Canada could be adding to its COVID-19 vaccine arsenal very soon as federal regulators make changes that could help fight variants.
At a vaccine briefing on Thursday, Dr. Supriya Sharma with Health Canada says a decision on the single-dose Johnson & Johnson vaccine is imminent.
“The review of the Johnson & Johnson submission is going very well,” said Sharma. “It’s progressing and we are expected to have that completed in the next few days, or within the next seven days or so.”
NEW: A Health Canada official says at the brifing that news on the Johnson & Johnson vaccine is coming in days #cdnpoli
— Cormac Mac Sweeney (@cmaconthehill) March 4, 2021
This would mark another significant step since the J&J vaccine only requires one dose, while the three other approved vaccines require two. One dose is 85 percent protective against the most severe COVID-19 illness, according to a massive study that spanned three continents.

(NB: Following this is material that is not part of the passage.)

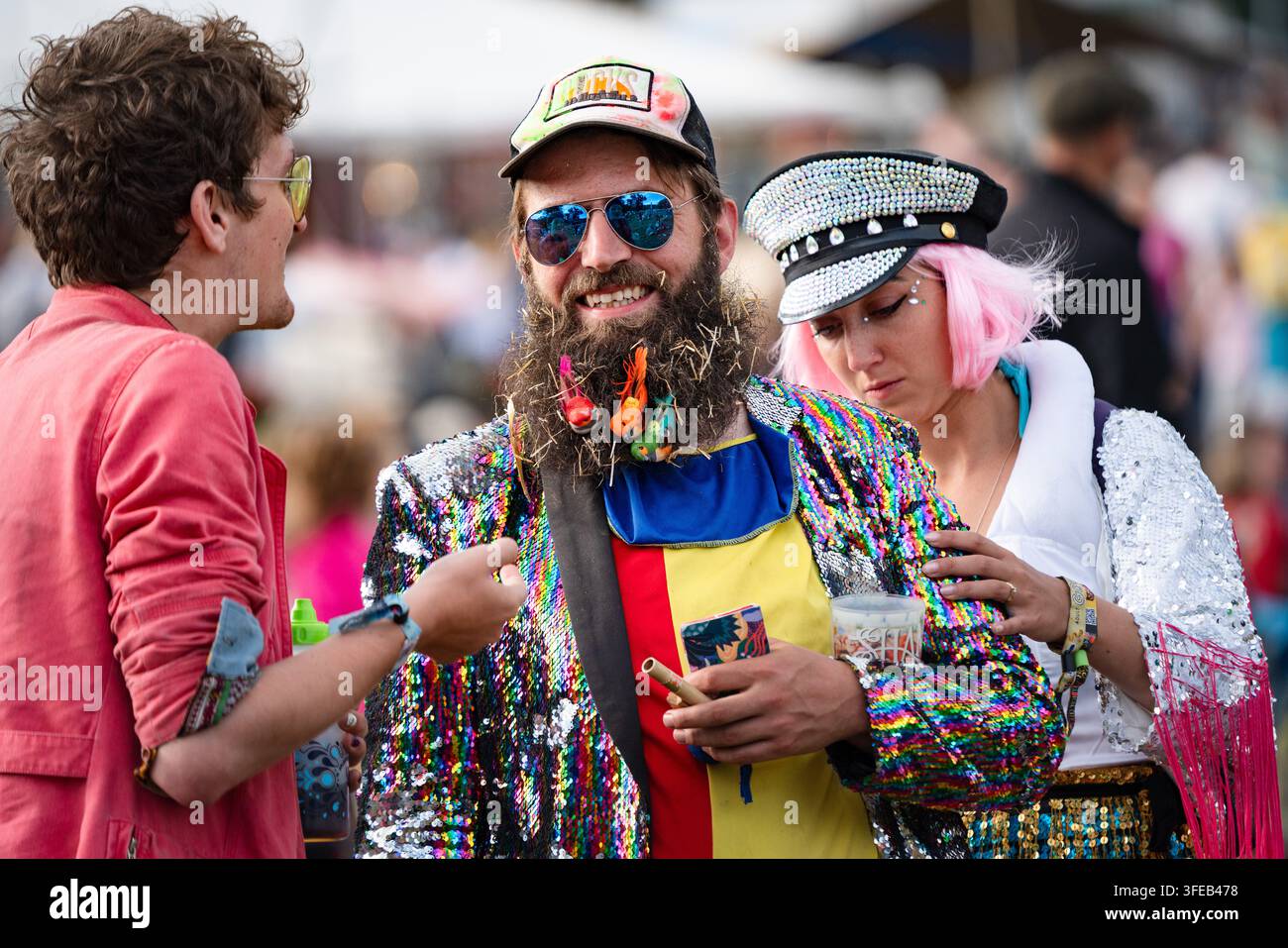AMI(E)S EN TENUES FLAMBOYANTES À UN FESTIVAL, REPORTAGES, GREEN MAN FESTIVAL 2019, BRECON, WALES, UK, 2019 : Un homme barbu vêtu d’une veste à paillettes et une femme aux cheveux roses discutent avec un ami lors d’un festival de musique en plein air. Photo : Rob Watkins. INFO : Le Green Man Festival a commencé en 2003 au Pays de Galles. Il se tient chaque année dans les Brecon Beacons le troisième week-end d’août et célèbre la musique alternative, les arts, la littérature, la science et une culture adaptée aux familles dans un magnifique cadre montagneux. Banque D'Images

This vaccine does not require extremely cold storage facilities.
In the U.S., the shot has shown 72 percent effectiveness at preventing the virus and was found to be 86 percent effective at preventing severe illness and death from COVID-19, according to data submitted to the Food and Drug Administration (FDA).

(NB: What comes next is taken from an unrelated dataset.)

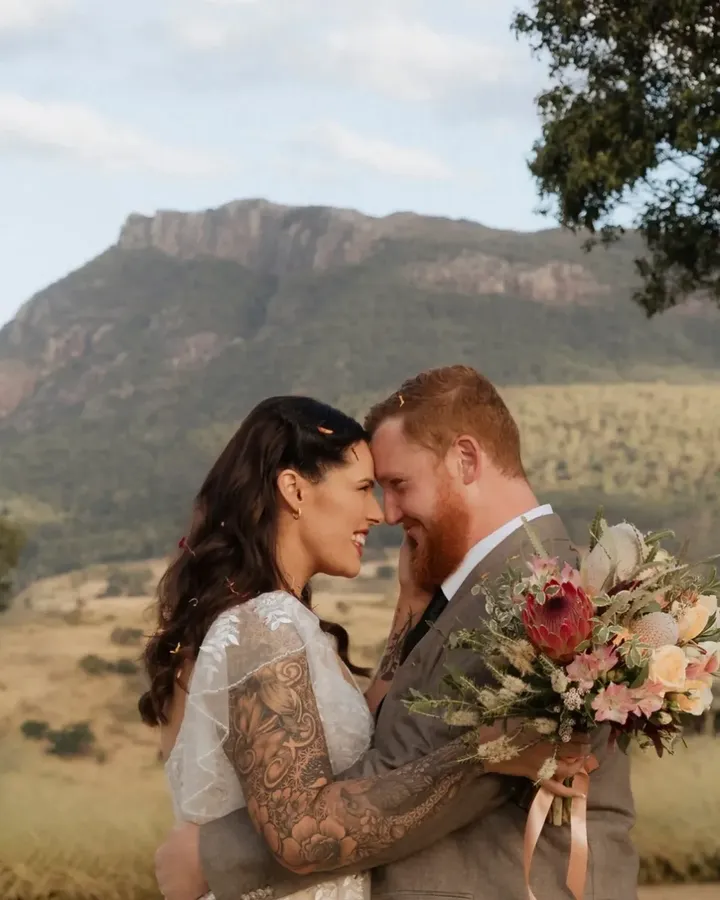 Abby and Liam embracing with a protea bouquet, Mount Maroon behind them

Moderna and Pfizer-BioNTech’s vaccines which require two doses are 95 percent effective.
Although weaker in terms of clinical trials and percentages, Johnson & Johnson’s protection is “not the weaker vaccine,” Dr. Anthony Fauci, White House Chief Medical Advisor, said last week.
Sharma says Canadians can also be confident in recent decisions to stretch out the interval between the first and second doses of vaccine to allow more people to get their first shot.
“Definitely the messaging would be simpler if we had one set of data and we had one message and it never changed but that’s not what science does,” she said.
“We want to make sure that we have all that information, we apply it properly, and we make those decisions.”
Doctor Isaac Bogoch said recently it could be a gamechanger in our vaccination efforts.
“It requires just conventional refrigeration and it’s a one-and-done shot,” Bogoch said. “Imagine how fast and how much easier you could vaccinate a population if you didn’t have to bring people back for a second dose. That’s a big deal.”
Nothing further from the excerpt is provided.